Outside armed conflict, noncriminal (i.e. administrative) detention is highly unusual. In the vast majority of cases, people are deprived of their liberty because they are suspected of having committed a criminal offence. The International Covenant on Civil and Political Rights guarantees the right to liberty of person and provides that every individual who has been detained, for whatever reason, has the right to judicial review of the lawfulness of his or her detention. This area of human rights law is based on the assumption that the courts are functioning, that the judicial system is capable of absorbing all persons arrested at any given time regardless of their numbers, that legal counsel is available, that law enforcement officials have the capacity to perform their tasks, etc. Circumstances are very different during armed conflict, which is reflected in the provisions of IHL.
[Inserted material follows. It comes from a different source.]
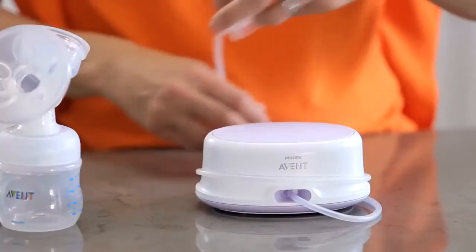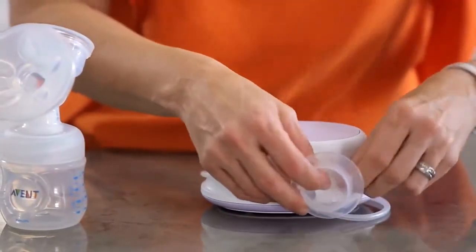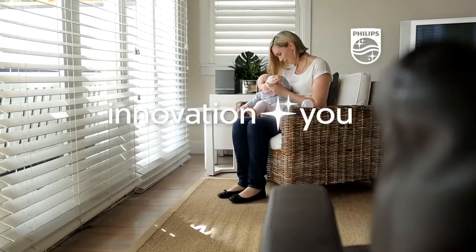Unplug the motor, and for storage you can wrap the silicone tube around the motor and clip the cap onto the tube.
The interplay of IHL and human rights rules governing the use of force and procedural safeguards for internment, at least in international armed conflicts, must be resolved by reference to the lex specialis, that is the provisions of IHL that were specifically designed to deal with those two areas.


Interplay of IHL and human rights law

The interplay of IHL and human rights law remains the subject of much legal attention, particularly because of its consequences for the conduct of military operations.

In its very first statement on the application of human rights in situations of armed conflict, the 1996 Advisory Opinion on the Legality of the Threat or Use of Nuclear Weapons, the International Court of Justice observed that the protection provided by the International Covenant on Civil and Political Rights did not cease in times of war and that, in principle, the right not to be arbitrarily deprived of one’s life applied also in hostilities. The Court added that what constituted arbitrary deprivation of life had to be determined by the applicable lex specialis, namely, the law applicable in armed conflict, which is designed to regulate the conduct of hostilities.

This statement has generally been interpreted as settling the issue of the interplay of IHL and human rights law and as implying that human rights law, deemed to apply at all times, constitutes the lex generalis, while IHL, whose application is triggered by the occurrence of armed conflict, constitutes the lex specialis. In other words, when human rights law and IHL are in conflict, the latter is deemed to prevail, since it was conceived specifically to deal with armed conflict.

While the meaning and even the utility of the doctrine of lex specialis have been called into question, there is a general acceptance of its indispensability for determining the interplay of IHL and human rights law. Although, generally speaking, these two branches of international law are complementary, the notion of complementarity cannot resolve the intricate legal issues of interplay that sometimes arise. In some instance, IHL and human rights rules might produce conflicting results when applied to the same facts because they reflect the different circumstances for which they were primarily developed.